- Work instruction: Once you reach the line containing "Samsung Galaxy A01" in the data below, restate each line word for word up to and including the one containing "2001 Pontiac Bonneville".

- Records to process:
☆ ☆ ☆ ☆ ☆ ☆ ☆

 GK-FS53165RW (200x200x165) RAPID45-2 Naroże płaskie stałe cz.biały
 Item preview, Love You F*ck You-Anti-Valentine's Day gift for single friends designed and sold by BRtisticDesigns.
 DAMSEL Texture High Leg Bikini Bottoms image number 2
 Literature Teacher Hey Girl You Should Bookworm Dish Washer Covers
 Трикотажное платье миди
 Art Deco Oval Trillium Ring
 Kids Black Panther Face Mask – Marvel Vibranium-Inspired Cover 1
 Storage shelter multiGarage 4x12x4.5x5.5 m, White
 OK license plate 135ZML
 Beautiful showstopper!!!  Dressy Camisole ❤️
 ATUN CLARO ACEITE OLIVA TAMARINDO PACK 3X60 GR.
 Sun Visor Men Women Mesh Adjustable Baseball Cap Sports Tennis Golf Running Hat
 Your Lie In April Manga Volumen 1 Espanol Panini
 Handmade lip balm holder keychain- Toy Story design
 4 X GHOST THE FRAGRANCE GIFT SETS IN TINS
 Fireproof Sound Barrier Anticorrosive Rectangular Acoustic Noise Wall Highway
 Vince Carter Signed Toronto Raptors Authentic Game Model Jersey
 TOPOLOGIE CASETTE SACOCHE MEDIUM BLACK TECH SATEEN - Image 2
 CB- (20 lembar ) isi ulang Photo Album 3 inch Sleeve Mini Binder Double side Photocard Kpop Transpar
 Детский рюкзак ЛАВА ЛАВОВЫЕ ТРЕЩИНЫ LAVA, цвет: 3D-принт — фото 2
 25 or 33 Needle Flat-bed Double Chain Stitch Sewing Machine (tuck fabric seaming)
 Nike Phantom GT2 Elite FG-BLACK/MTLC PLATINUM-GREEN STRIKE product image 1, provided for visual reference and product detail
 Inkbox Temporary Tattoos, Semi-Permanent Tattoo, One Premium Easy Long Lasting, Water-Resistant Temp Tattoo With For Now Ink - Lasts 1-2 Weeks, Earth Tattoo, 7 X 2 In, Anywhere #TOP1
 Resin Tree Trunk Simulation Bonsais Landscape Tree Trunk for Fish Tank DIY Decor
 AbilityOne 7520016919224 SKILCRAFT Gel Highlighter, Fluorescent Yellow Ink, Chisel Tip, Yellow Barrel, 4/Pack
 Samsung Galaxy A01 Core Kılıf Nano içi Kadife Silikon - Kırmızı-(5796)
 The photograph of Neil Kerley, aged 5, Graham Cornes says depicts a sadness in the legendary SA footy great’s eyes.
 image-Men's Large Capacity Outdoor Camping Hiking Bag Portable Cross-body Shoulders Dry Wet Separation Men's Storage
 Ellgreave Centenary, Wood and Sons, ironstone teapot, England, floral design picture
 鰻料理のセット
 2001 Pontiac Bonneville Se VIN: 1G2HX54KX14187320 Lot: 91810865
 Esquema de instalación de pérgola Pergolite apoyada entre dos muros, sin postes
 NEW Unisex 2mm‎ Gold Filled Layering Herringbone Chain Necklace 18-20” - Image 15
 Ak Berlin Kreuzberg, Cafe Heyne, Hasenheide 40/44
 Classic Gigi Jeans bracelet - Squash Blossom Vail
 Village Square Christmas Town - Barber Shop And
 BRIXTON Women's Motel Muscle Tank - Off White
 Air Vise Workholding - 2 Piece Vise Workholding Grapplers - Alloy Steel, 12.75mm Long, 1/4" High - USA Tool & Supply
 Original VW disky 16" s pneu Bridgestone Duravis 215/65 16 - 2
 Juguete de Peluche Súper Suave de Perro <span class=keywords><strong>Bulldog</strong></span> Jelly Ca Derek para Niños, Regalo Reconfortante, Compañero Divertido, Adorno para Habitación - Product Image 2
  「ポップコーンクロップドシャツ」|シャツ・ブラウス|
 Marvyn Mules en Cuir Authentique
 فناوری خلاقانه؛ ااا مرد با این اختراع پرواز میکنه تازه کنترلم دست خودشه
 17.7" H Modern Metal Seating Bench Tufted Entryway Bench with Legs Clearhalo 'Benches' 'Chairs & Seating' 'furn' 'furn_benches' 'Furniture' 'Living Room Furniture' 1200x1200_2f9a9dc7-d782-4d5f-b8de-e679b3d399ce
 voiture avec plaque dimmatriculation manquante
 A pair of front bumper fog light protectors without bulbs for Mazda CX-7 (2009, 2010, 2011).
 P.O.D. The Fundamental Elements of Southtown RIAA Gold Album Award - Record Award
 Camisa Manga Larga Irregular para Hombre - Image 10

☆ ☆ ☆ ☆ ☆ ☆ ☆

- Completed exercise:
 Samsung Galaxy A01 Core Kılıf Nano içi Kadife Silikon - Kırmızı-(5796)
 The photograph of Neil Kerley, aged 5, Graham Cornes says depicts a sadness in the legendary SA footy great’s eyes.
 image-Men's Large Capacity Outdoor Camping Hiking Bag Portable Cross-body Shoulders Dry Wet Separation Men's Storage
 Ellgreave Centenary, Wood and Sons, ironstone teapot, England, floral design picture
 鰻料理のセット
 2001 Pontiac Bonneville Se VIN: 1G2HX54KX14187320 Lot: 91810865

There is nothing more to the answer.